Norwegian Wood (1987) is a novel by Haruki Murakami. The first-person narrator, Toru Watanabe, takes a long and very detailed look back on his college years when he was between the ages of 18 and 20 or so. At first I thought the novel was boring, but then the characters started to grow on me, and Murakami's prose becomes hypnotic in a sense, and I often felt like a fly on the wall for the pages of seemingly endless but incredibly natural dialogue. Parts of the story take place in Yotsuya, Shinjuku, Shibuya, Myogadani, Kichijoji, Otsuka and Ebisu, all places I've lived or worked or both, and reading fiction set in real places that I'm familiar with always makes things more interesting.
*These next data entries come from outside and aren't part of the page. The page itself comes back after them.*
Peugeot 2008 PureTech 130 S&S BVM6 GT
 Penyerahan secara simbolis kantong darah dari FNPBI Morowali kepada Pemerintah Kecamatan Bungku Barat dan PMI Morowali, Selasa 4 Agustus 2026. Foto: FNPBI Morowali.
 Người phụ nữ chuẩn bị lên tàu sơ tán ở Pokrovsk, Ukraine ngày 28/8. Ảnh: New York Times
There is lots of banal dialogue with sudden erotic turns as well. Sex, or talk of sex, just kind of pops up now and then, like in the following exchange between Watanabe and his friend Midori:
“I wonder what ants do on rainy days?” Midori asked.
“No idea,” I said. “They’re hard workers, so they probably spend the day cleaning house or taking inventory.”
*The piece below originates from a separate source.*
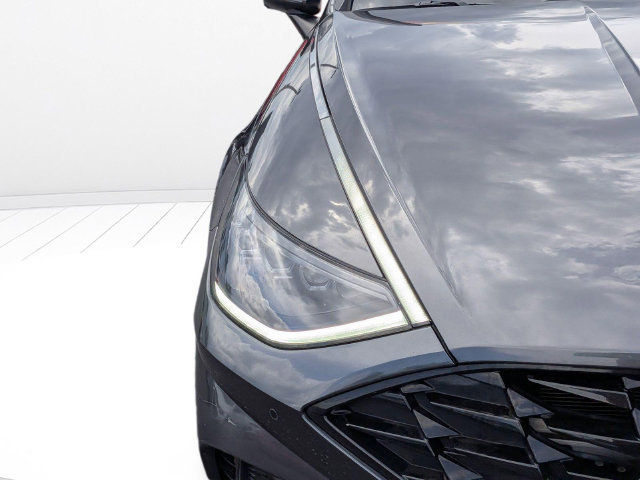 Used 2021 Hyundai Sonata Limited w/ Preferred Accessory Package FWD image 9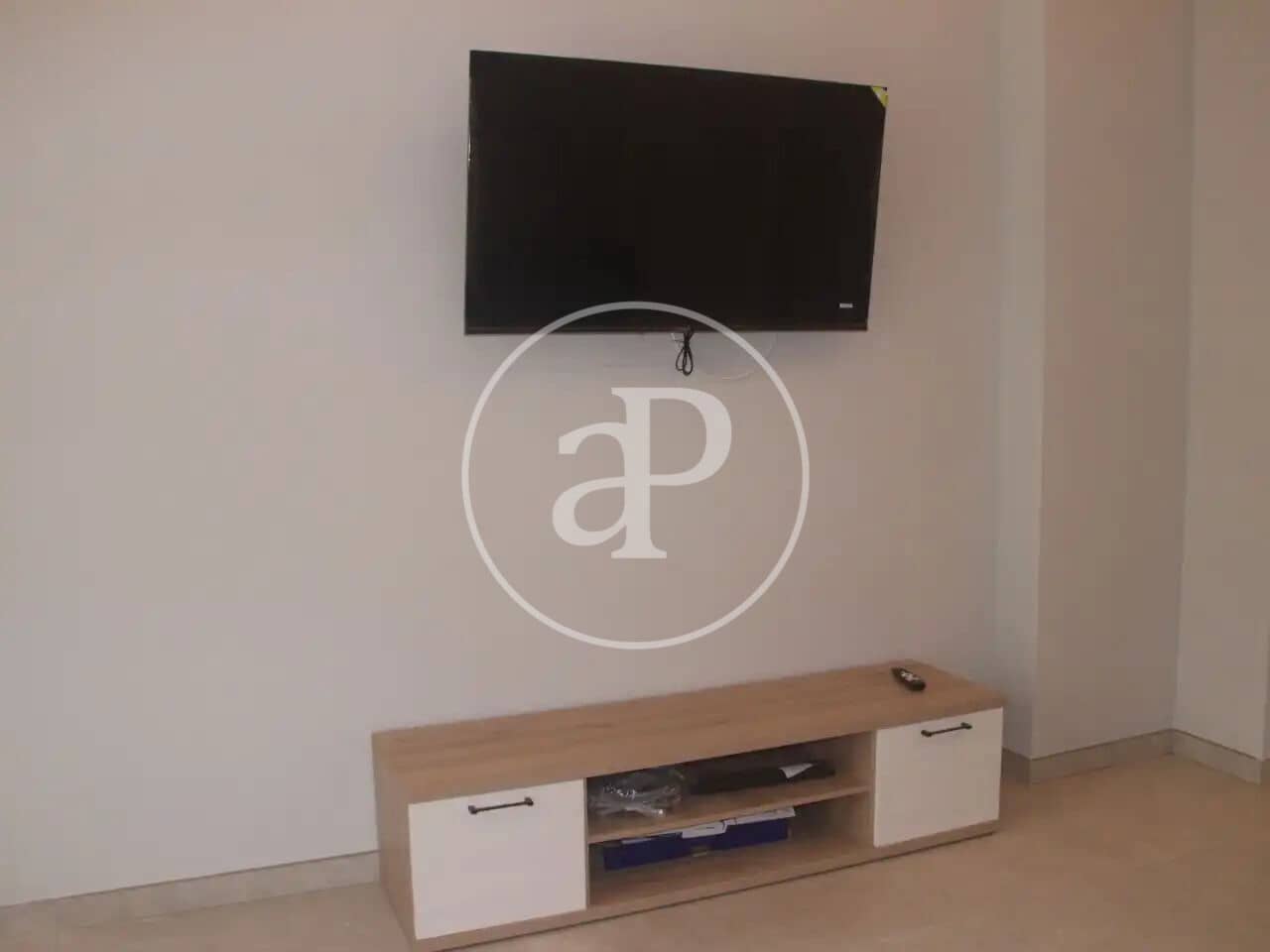 Appartement de 1 chambre à louer à Valence ville - 1 500 € (Ref: 10005719)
“If they work so hard, how come they don’t evolve? They’ve been the same forever.”
“I don’t know,” I said. “Maybe their body structure isn’t suited to evolving—compared with monkeys, say.”
“Hey, Watanabe, there’s a lot of stuff you don’t know. I thought you knew everything.”
“It’s a big world out there,” I said.
“High mountains, deep oceans,” Midori said. She put her hand inside my bathrobe and took hold of my...
Suicide, or giving up on this world, is a big theme too, and three characters off themselves, changing the lives of those (three) who remain to push forward. We're also given the philosophy: “Death is not the opposite of life but an innate part of life.” And, “By living our lives, we nurture death.” The book also reflects the Japanese concept of wabi-sabi, and for all these elements it's a little sad in places.
What's also interesting is we're given a sense that Watanabe is recounting his college years perhaps a decade or two later. We don't know what his life is like in the present, but at least we know he made it, through the cynicism, depression, meaninglessness, and mental problems of friends, and by the end of the novel, his making it is in some ways good enough.